## [Data under study]
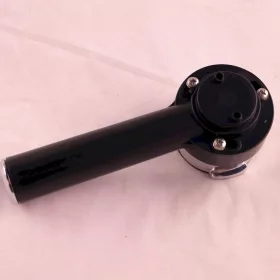 B-90423.jpg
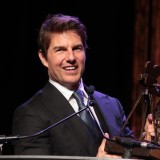 4 Kebiasaan Baik Tom Cruise yang Bikin Awet Muda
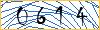 Enter the symbols from image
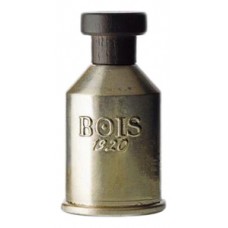 Bois 1920 Aethereus фото духи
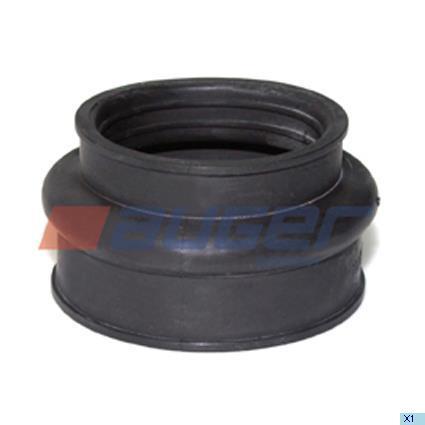 Auger 69573 Inlet pipe 69573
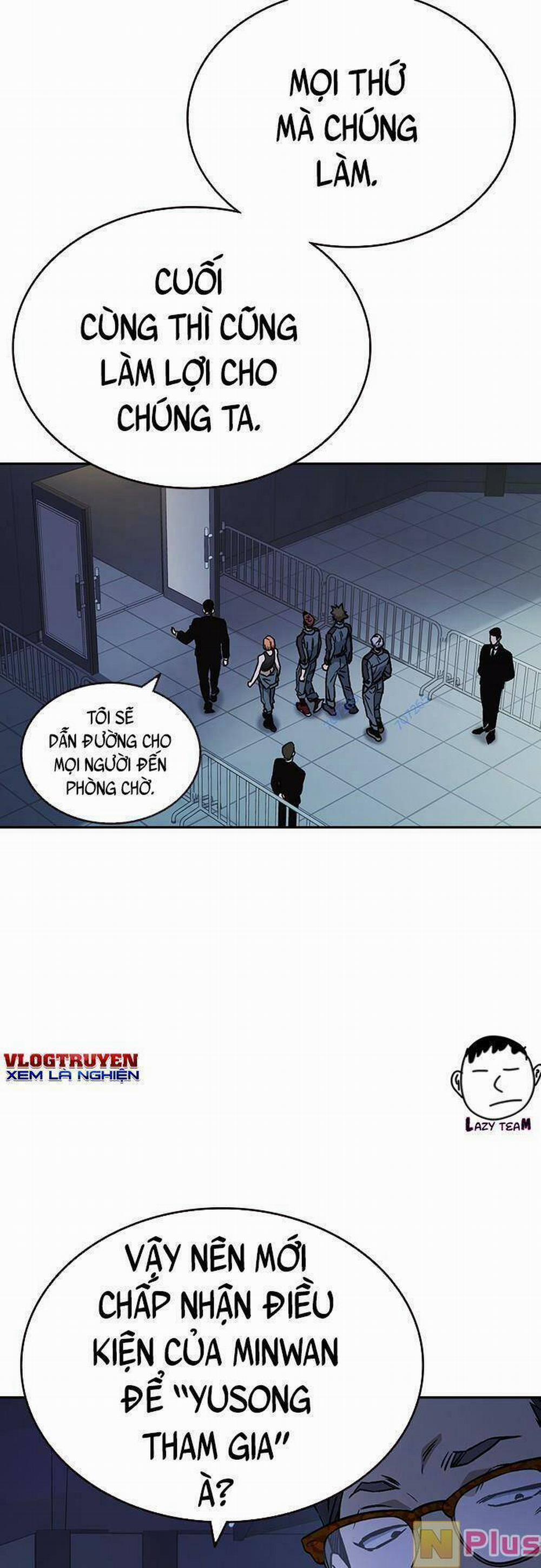 Học Nhóm 175 trang 48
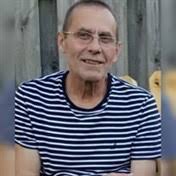 Pelc Family Obituaries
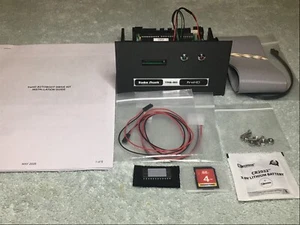 KIT TRAÎNEAU FREHD AUTOBOOT POUR TRS-80 MODEL 4 (GATE ARRAY) - Photo 1/2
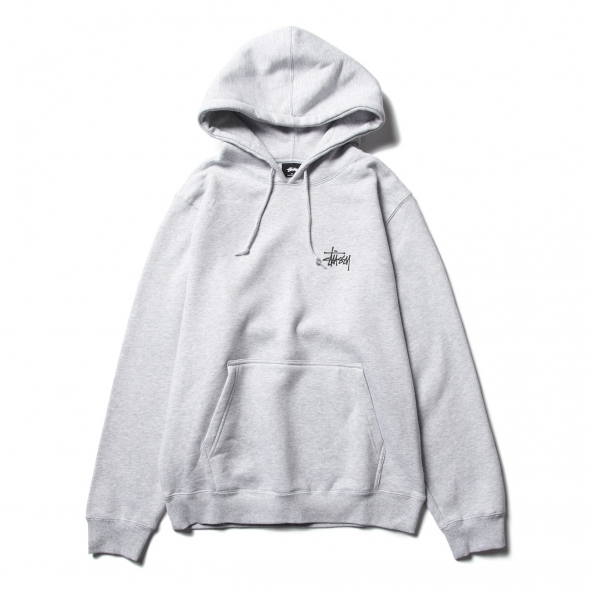 STUSSY / ステューシー | Basic Stussy Hood | 通販 - 正規取扱店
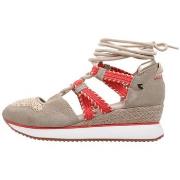 Lage Sneakers Gioseppo GRISWOLD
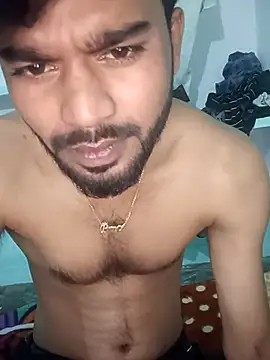 Hotraj24 live sex cam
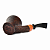  Astra - Aurora 113-1 - Poker bent Brown Blast ( )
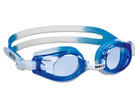 BECO Schwimmbrille RIMINI Kids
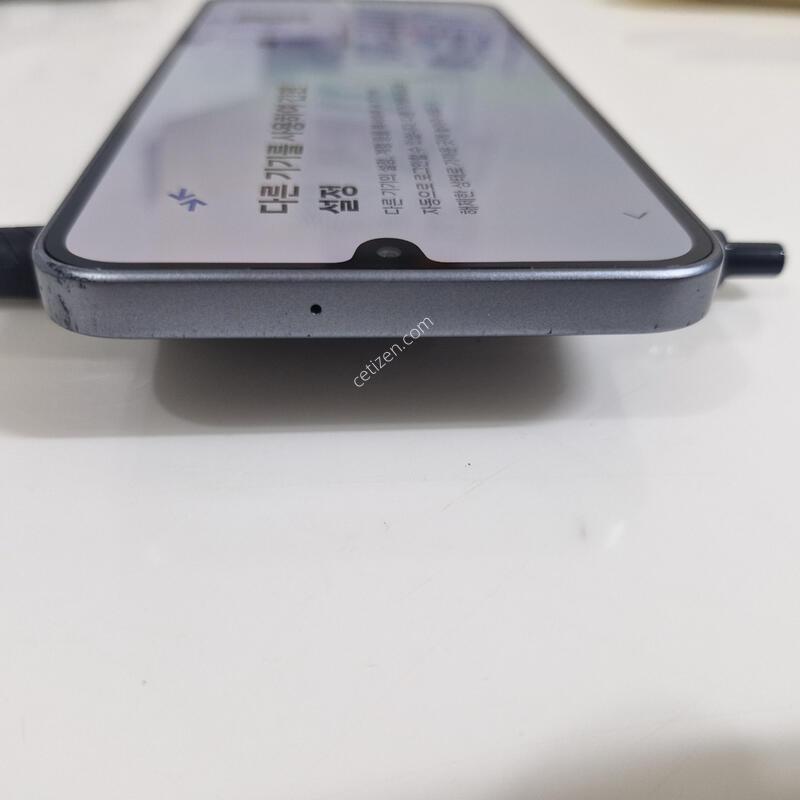 Kt����4 �������� ���ܻ�
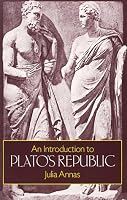 An Introduction to Plato's Republic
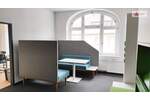 Gewerbeobjekt Annaberg-Buchholz Annaberg - 1.800&euro; | Angebot:25744618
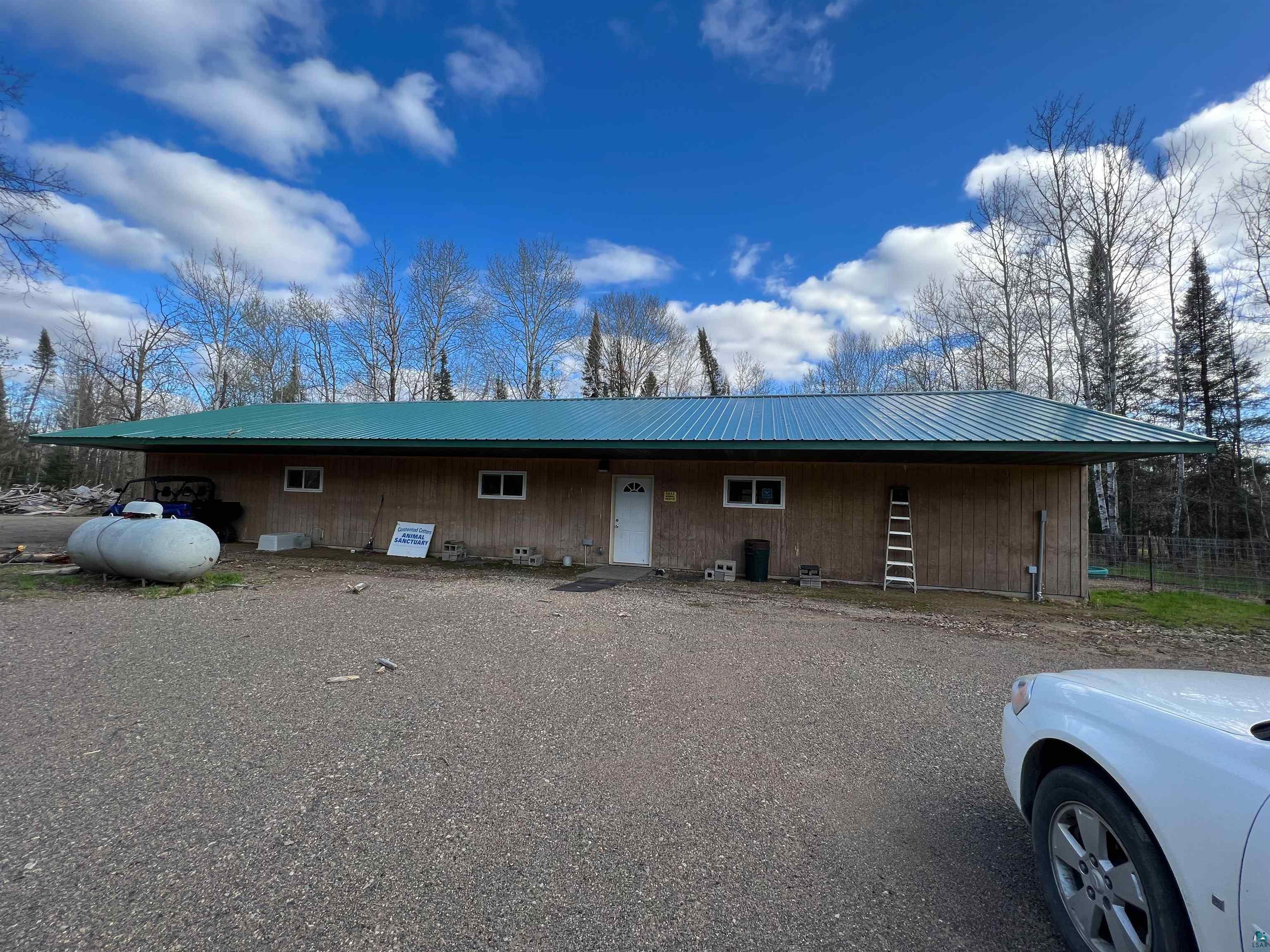 4986 Townline Rd Makinen MN 55763 6107629 image1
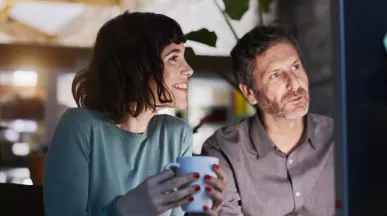 saiba o que e o pat e quais as vantagens de se cadastrar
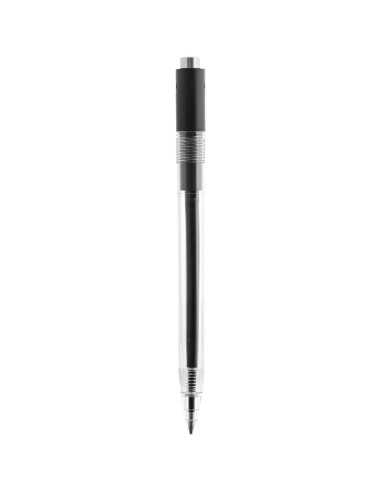 Bolígrafo "Tavas"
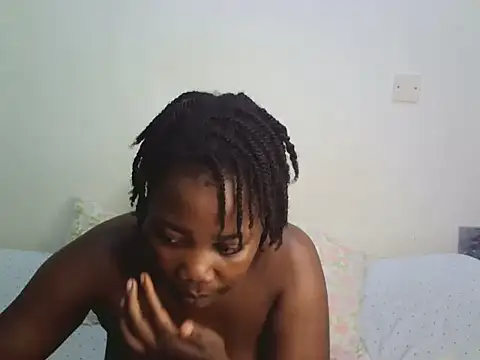 Belladonna 2 online show from 06-24-26, 07:46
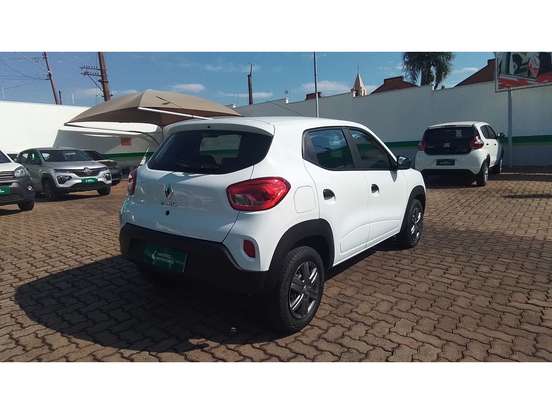 RENAULT-KWID-2025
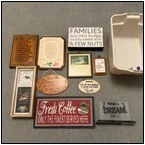 AUCTION ITEM:mp0103M034t.jpg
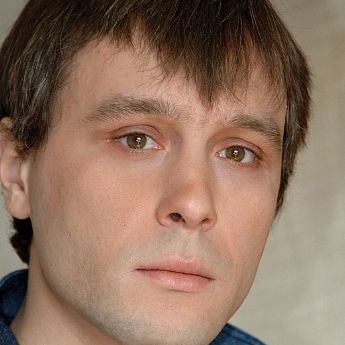 Maksim Yevseyev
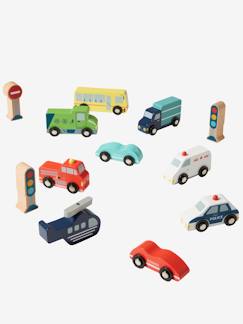 Spielzeugautos für Kinder - online kaufen - vertbaudet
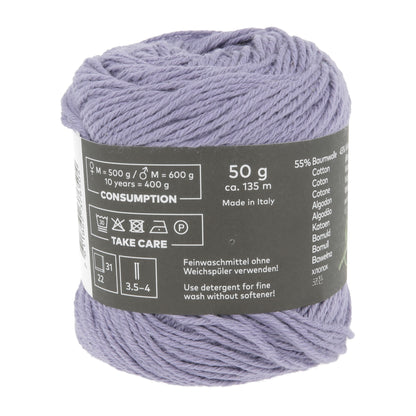 1175_0046_LANGYARNS_Sweet_4_Print.jpg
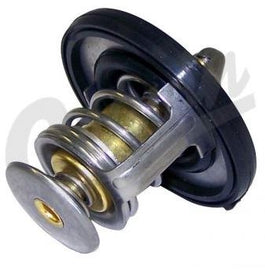 Thermostat 170 degrees Jeep Compass Patriot MK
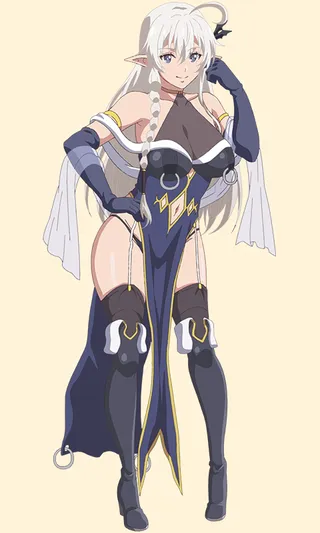 Merlin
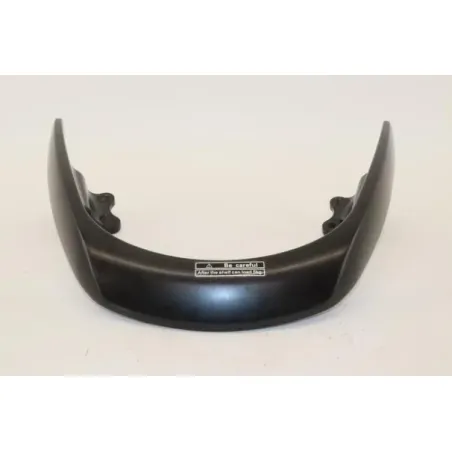 Poignee arriere JM MOTORS SANTANA 50 2014 - 2020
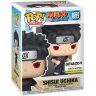 Фигурка Funko Naruto Shippuden: Shisui Uchiha Фанко Наруто Шисуи Учиха (Amazon Exclusive) 1659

## [Problem statement]
Reproduce exactly the lines of the data above that run from the line with "Pelc Family Obituaries" down to the line with "Gewerbeobjekt Annaberg-Buchholz Annaberg", both ends included. Pictures do not belong in the copy.

## [Answer to this problem]
 Pelc Family Obituaries
 KIT TRAÎNEAU FREHD AUTOBOOT POUR TRS-80 MODEL 4 (GATE ARRAY) - Photo 1/2
 STUSSY / ステューシー | Basic Stussy Hood | 通販 - 正規取扱店
 Lage Sneakers Gioseppo GRISWOLD
 Hotraj24 live sex cam
  Astra - Aurora 113-1 - Poker bent Brown Blast ( )
 BECO Schwimmbrille RIMINI Kids
 Kt����4 �������� ���ܻ�
 An Introduction to Plato's Republic
 Gewerbeobjekt Annaberg-Buchholz Annaberg - 1.800&euro; | Angebot:25744618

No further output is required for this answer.